START Input for this task

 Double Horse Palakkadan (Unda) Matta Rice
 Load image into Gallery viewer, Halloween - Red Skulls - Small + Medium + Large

END Input for this task
START Input for this task

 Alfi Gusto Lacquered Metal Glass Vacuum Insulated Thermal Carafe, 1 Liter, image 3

END Input for this task

> Your instructions: Could you restate word for word the lines above, from the one that contains "Double Horse Palakkadan (Unda) Matta Rice" through the one that contains "Load image into", and no others?

> Result below:
 Double Horse Palakkadan (Unda) Matta Rice
 Load image into Gallery viewer, Halloween - Red Skulls - Small + Medium + Large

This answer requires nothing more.